Nell Frizzell 

You can smell a new mother’s loneliness. Unless you’re the state

As a new mum, I know loneliness cuts deep – and the lack of services for parent and child plays a large part in this, says the freelance writer Nell Frizzell
  
  

Mother with baby in shop
‘It feels taboo to admit to loneliness when you’re in the constant company of your own child.’ Photograph: Alamy

It is the strange lot of young mothers to be never alone, but often lonely. You may have a baby stuck limpet-like to your breast, hip or lap, but for many women, particularly those heroic superbeings we call single mothers, loneliness stalks the days like a tiger.

According to new research by the British Red Cross and the Co-op, over 80% of mums under 30 feel lonely some of the time, while over 40% are lonely often or always.

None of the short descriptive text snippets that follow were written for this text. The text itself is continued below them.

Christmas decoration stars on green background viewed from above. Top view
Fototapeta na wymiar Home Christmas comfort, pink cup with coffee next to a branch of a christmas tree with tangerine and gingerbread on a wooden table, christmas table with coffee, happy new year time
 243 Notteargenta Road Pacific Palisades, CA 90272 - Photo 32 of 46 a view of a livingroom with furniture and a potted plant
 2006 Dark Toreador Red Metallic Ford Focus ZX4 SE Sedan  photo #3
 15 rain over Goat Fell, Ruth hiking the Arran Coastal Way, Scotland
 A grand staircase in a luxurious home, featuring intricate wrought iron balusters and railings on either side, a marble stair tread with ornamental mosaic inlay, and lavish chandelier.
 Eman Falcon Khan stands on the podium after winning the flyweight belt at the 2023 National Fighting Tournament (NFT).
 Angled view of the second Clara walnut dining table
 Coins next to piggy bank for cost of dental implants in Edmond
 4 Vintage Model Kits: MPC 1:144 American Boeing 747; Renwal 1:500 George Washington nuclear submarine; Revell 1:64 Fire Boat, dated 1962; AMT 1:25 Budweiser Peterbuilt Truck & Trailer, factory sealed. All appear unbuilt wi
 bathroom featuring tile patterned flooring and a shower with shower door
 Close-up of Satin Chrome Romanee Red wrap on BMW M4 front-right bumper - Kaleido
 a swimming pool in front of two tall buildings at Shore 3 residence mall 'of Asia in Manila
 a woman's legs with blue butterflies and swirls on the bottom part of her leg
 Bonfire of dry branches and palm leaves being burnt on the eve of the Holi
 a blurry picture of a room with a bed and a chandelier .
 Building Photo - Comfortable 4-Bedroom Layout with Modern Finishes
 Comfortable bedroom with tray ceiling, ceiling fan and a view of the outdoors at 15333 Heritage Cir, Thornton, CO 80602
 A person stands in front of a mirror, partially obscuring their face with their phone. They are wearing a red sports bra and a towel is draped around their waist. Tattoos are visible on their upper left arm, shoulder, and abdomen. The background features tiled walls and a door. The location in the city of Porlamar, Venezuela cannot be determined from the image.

Of course they are. When you’re earning just £20.70 a week in child benefit; when you have to sit in a dark room every couple of hours in order to tempt some food into an overstimulated child; when your family are at work; when you are still knitting your body back together after childbirth; when your friends don’t know how to change a nappy and you can’t afford a babysitter; when your partner is too tired to talk to you after a day at work; when you’re too shy to walk up to pram-pushing strangers in the street; when a place at nursery costs as much as your rent; when the local library has closed down; when you’ve had no sleep and have lost your nerve – of course you stay at home. Of course you get lonely.

Yet it feels somehow taboo to admit to loneliness when you’re in the constant company of your own child. Mothers are somehow assumed to need no more stimulation than to stare adoringly into the wet eyes of their baby from birth: the amusement of a hiccup or an unexpected mid-air wee should be substitute enough for adult conversation; the feel of a chubby hand around your finger should wipe away any interest in your friends, sharing anecdotes, going on holiday, resting your head on another person’s shoulder, talking about your day …

Even for mothers, like me, who have approached child-rearing like the fermentation of a strong cheese, the hallmarks of loneliness still catch in my throat. The small plate of biscuits, drying out on a side table at 9am in desperate anticipation of your one visitor, who isn’t coming until 5pm when they knock off work; the too-long chats with the woman at the shop who politely asked your child’s age – and is the only person you’ve spoken to all day who didn’t have dribble on their chin. You can smell a new mother’s hunger for company like the tang of vinegar: a little too strong, a little too sour.

How do you solve a problem like maternal loneliness? Well, we could stop making it financially prohibitive to continue the human race in this, one of the wealthiest countries in the world. The government could take some of that money we pour into defence every year and use it to subsidise nurseries, fund children’s centres, and pay a maternal allowance that a family could actually live on. In Germany parents get €194 a month – over £170 – in benefit for the first two children; parents can take leave from work while being able to return to a guaranteed job for up to three years; and childcare is better subsidised. In Britain, we would rather give tax breaks to millionaires than pay mothers to create a healthy nation.

We could also do more to encourage women to build a support network before having a baby; if women had more paid time off, they could leave work more than a few days before giving birth, and therefore have time to adjust. That way they could meet other mothers-to-be in their area before they are tied to a crying, feeding dependent 24 hours a day. We could offer longer prenatal courses on the NHS, protect and expand NHS breastfeeding services, and create more children’s centres and forest schools. We could do the work early, rather than throwing new mothers to the wolves.

Half the women surveyed by the National Childbirth Trust last year reported that they experienced mental health or emotional difficulties at some time during pregnancy or in the year after birth. I would bet my spit-soaked shoulder that much of that is due, in part at least, to loneliness. Motherhood can be lonely for everyone, of course – but for the millions of British women on low or no incomes, living alone, trying to survive off food banks and uncertain benefits, without a job to return to or a support network to fall back on, the situation can appear desperate.

These women are growing our future; they have pushed a nation out of their bodies and into the world. It is now the government’s responsibility to nurture, shape and support that nation. If we have money for war, Brexit, business and a royal family, then we really should be able to find it for mums.